Warner faced another hurdle when she arrived at BYU. In spite of the talent that got her on the team, she soon realized that collegiate volleyball was a much different sport than the club and high school volleyball she’d played in Idaho. She found it hard to keep up with the fast pace.

“That’s when I learned that it didn’t matter what happened, I was going to go in and make a difference by doing this well,” Warner said.

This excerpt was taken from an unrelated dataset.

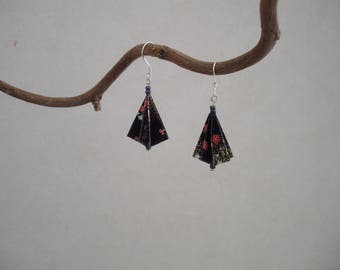 Umbrella origami earrings, paper and beads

Warner redshirted her first season, giving her time to prepare for her blocking career.

Through three years of competition, Warner has enjoyed success on the front line. She went up big at middle blocker with four block assists to lead the team in a victory against Ole Miss in her debut match. Warner has led the team in season blocks since her freshman year, when she averaged 1.22 blocks per set. Currently at 455 total blocks in her career, Warner has already signed her name to BYU’s top-10 list for career blocks.

”I’ve never regretted that decision (to come to BYU),” Warner said. “It’s been such a wonderful experience. The people, the athletics, the staff, the teachers, the school has helped me grow in so many ways. It’s pushed me, but it’s helped me grow. You’re not growing if you’re not being pushed at all.”

With a fierce lineup of opponents in the 2012 season and a competitive conference schedule, the team will count on Warner to show once again what it means to go big and make a difference at BYU in her final season as a Cougar.